(Crawled caption data)

▼▼▼

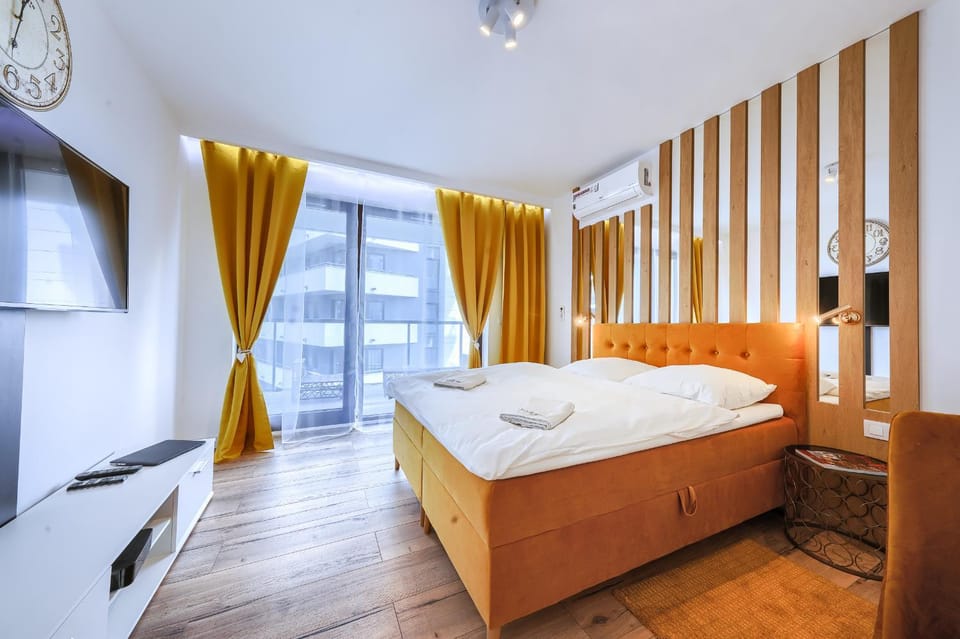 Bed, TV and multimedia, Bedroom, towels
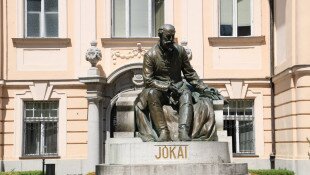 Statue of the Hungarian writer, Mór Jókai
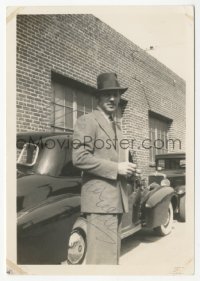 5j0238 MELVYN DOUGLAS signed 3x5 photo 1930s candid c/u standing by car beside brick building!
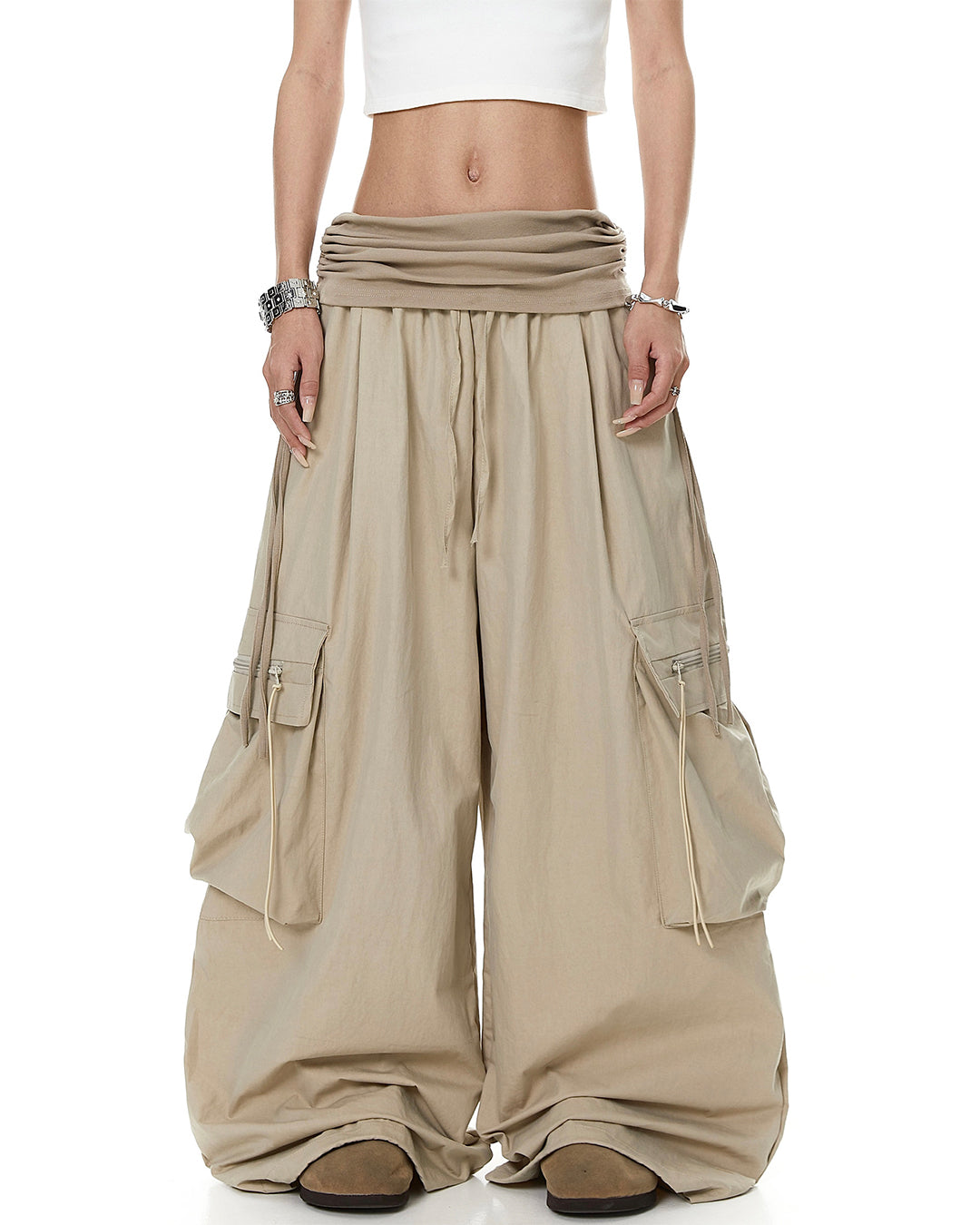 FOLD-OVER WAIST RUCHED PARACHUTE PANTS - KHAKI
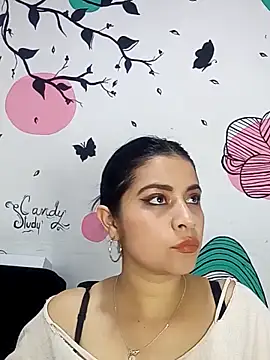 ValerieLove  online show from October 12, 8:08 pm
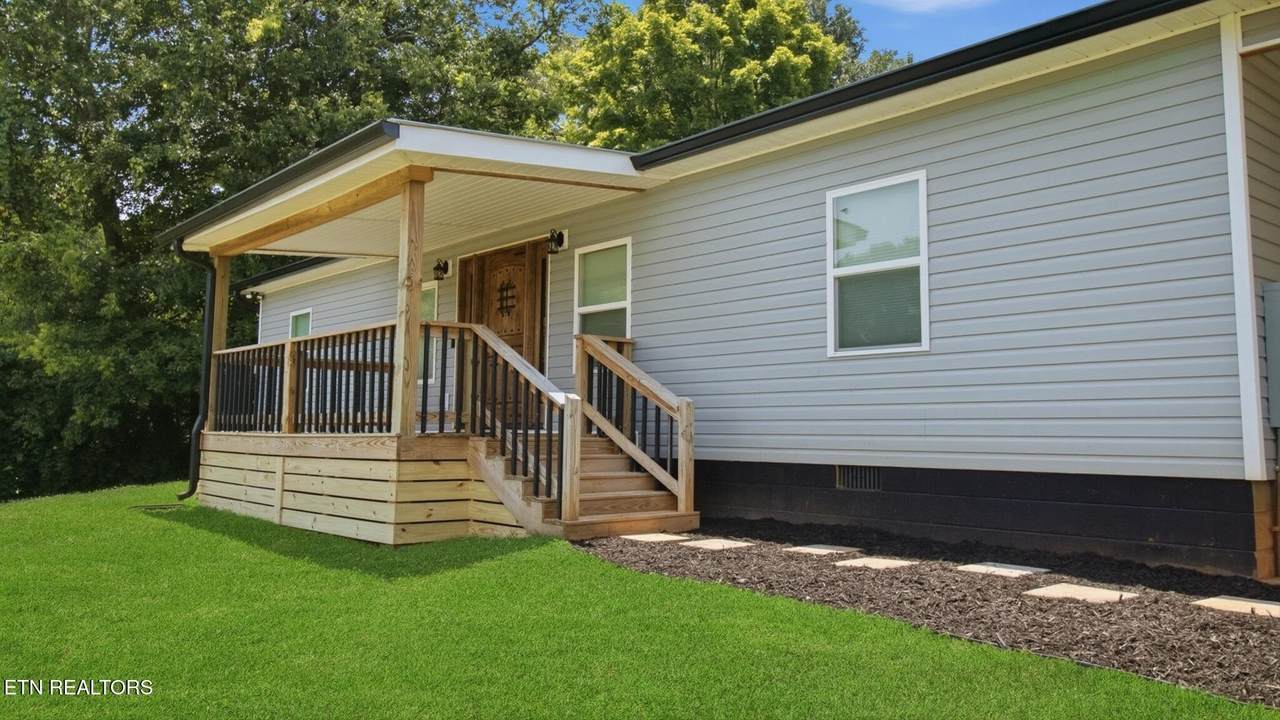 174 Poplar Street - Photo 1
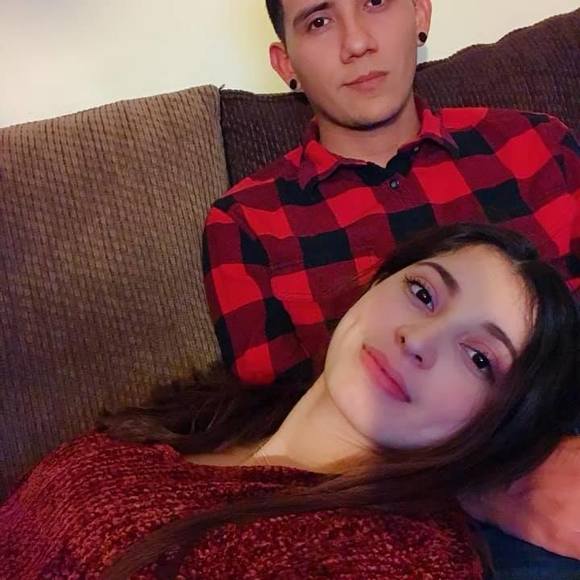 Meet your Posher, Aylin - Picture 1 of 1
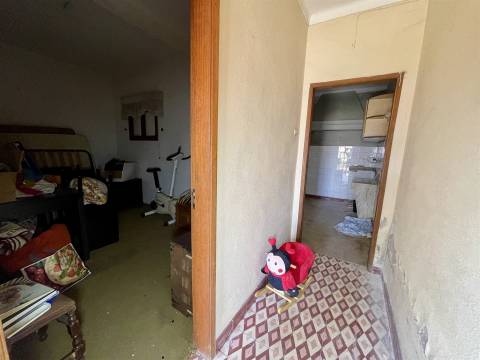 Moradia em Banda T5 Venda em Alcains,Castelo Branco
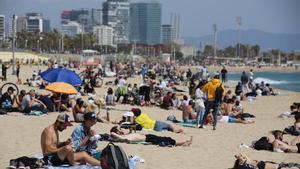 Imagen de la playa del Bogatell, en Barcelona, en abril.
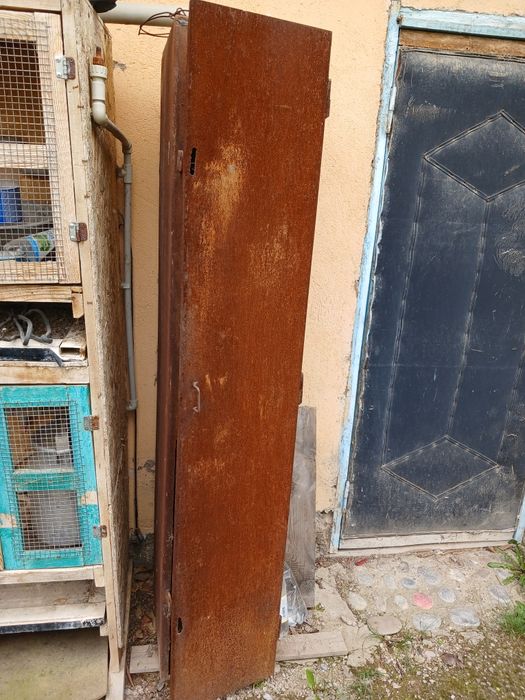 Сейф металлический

▲▲▲

- WHAT TO PRODUCE: Write out all of the data above exactly, without any of its pictures.

- ANSWER:
 Bed, TV and multimedia, Bedroom, towels
 Statue of the Hungarian writer, Mór Jókai
 5j0238 MELVYN DOUGLAS signed 3x5 photo 1930s candid c/u standing by car beside brick building!
 FOLD-OVER WAIST RUCHED PARACHUTE PANTS - KHAKI
 ValerieLove  online show from October 12, 8:08 pm
 174 Poplar Street - Photo 1
 Meet your Posher, Aylin - Picture 1 of 1
 Moradia em Banda T5 Venda em Alcains,Castelo Branco
 Imagen de la playa del Bogatell, en Barcelona, en abril.
 Сейф металлический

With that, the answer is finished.